◆ **REQUIREMENT**:
Tally every line in the entries below that holds "Lover", then give only the total.

◆ **RECORDS FOR THIS TASK**:
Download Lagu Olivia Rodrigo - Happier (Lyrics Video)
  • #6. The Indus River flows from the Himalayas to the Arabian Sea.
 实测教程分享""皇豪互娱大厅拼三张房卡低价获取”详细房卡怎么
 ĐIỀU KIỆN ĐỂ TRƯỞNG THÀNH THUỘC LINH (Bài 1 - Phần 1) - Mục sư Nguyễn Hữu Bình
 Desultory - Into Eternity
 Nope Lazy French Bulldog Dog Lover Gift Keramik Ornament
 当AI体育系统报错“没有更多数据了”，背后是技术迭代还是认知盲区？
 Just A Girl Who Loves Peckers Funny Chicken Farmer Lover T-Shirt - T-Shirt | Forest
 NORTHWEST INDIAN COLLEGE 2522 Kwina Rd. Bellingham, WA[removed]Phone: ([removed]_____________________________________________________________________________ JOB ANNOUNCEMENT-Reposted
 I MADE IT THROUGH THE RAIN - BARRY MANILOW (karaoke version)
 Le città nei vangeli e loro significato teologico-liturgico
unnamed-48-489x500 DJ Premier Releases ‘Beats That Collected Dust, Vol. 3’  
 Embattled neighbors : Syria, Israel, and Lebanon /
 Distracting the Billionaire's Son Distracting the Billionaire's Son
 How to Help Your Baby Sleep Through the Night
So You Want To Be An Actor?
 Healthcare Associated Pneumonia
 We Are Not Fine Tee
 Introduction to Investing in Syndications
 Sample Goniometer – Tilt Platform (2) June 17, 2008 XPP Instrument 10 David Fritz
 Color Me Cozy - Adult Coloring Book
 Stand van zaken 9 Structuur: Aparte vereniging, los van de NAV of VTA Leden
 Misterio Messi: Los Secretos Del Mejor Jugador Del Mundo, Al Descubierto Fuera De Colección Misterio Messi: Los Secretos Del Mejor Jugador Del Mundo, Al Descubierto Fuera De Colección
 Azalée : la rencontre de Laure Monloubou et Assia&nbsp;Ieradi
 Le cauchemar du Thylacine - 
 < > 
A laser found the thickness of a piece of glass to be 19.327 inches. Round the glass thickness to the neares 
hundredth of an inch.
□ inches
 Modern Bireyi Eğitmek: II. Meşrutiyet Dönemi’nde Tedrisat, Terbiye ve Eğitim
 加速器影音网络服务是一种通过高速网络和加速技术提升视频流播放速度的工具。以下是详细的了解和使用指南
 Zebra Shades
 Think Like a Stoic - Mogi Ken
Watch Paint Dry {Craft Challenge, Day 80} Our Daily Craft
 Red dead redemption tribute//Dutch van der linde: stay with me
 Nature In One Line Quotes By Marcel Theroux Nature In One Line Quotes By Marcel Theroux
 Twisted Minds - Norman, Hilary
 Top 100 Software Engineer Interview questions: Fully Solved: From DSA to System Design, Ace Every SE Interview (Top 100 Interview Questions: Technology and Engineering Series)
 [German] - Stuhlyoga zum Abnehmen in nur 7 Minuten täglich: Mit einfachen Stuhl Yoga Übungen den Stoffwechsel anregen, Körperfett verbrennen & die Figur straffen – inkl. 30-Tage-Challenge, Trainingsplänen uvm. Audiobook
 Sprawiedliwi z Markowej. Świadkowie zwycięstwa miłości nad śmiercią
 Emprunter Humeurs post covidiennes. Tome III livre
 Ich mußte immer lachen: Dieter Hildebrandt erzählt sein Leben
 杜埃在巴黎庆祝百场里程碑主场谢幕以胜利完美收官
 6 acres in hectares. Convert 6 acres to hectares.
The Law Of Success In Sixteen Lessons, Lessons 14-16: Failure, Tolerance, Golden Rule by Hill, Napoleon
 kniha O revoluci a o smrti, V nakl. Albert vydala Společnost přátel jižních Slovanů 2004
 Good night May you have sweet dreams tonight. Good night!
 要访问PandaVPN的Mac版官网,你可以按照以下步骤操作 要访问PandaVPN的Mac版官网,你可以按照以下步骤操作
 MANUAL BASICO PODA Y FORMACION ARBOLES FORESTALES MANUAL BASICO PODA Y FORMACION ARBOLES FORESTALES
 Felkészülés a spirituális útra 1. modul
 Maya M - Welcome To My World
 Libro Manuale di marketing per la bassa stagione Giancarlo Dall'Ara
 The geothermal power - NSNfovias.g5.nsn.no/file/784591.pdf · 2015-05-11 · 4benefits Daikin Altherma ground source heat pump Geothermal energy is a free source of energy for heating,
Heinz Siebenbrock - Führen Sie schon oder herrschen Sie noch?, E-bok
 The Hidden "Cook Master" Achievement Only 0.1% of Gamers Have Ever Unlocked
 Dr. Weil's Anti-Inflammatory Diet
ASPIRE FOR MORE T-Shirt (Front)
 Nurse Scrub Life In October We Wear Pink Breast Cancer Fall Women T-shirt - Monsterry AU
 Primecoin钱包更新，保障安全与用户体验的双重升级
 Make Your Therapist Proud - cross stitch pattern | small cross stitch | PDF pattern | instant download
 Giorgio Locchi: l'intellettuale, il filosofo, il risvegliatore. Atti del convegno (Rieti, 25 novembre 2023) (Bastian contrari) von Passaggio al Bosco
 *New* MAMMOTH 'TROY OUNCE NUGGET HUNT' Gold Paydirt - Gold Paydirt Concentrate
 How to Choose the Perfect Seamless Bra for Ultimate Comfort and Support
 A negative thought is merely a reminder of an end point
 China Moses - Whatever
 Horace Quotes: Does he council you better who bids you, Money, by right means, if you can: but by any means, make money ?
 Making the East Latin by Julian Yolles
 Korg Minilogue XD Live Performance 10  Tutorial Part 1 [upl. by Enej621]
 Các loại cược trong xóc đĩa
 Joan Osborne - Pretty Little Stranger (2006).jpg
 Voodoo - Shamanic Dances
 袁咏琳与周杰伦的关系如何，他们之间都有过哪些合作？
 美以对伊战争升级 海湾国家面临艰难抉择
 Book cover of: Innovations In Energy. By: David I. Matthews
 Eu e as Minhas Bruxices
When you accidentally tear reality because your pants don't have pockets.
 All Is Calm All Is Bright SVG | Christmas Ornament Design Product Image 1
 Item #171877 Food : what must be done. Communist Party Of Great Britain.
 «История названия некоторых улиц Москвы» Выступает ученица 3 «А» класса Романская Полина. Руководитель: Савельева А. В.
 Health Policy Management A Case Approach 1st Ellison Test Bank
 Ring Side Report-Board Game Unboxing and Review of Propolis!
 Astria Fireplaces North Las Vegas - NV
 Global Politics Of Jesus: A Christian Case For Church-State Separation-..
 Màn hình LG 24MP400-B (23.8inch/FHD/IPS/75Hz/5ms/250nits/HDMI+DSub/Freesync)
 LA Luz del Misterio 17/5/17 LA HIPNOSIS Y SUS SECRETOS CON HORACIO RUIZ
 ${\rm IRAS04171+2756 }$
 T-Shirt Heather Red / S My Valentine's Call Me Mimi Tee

◆ **REPLY**:
2